*AIM OF THE EXERCISE*. Return all lines of the data in which the string "yard" occurs.

Dataset excerpts
◆ ◆ ◆ ◆ ◆ ◆ ◆
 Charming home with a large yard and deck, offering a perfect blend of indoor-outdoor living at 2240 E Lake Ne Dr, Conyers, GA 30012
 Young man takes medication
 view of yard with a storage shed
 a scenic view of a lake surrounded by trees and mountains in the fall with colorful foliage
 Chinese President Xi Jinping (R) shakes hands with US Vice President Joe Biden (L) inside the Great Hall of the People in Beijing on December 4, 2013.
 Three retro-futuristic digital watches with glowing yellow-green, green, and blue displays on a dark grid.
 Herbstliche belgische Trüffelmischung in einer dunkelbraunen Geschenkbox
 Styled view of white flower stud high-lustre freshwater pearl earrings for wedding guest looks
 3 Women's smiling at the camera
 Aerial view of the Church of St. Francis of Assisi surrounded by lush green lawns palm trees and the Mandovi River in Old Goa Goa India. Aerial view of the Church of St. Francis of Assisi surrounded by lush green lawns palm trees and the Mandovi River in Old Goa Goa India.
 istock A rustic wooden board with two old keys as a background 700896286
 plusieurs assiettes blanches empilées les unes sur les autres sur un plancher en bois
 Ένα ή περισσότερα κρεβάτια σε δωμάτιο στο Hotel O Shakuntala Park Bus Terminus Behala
◆ ◆ ◆ ◆ ◆ ◆ ◆
*OUTPUT FOR THIS TASK*.
 Charming home with a large yard and deck, offering a perfect blend of indoor-outdoor living at 2240 E Lake Ne Dr, Conyers, GA 30012
 view of yard with a storage shed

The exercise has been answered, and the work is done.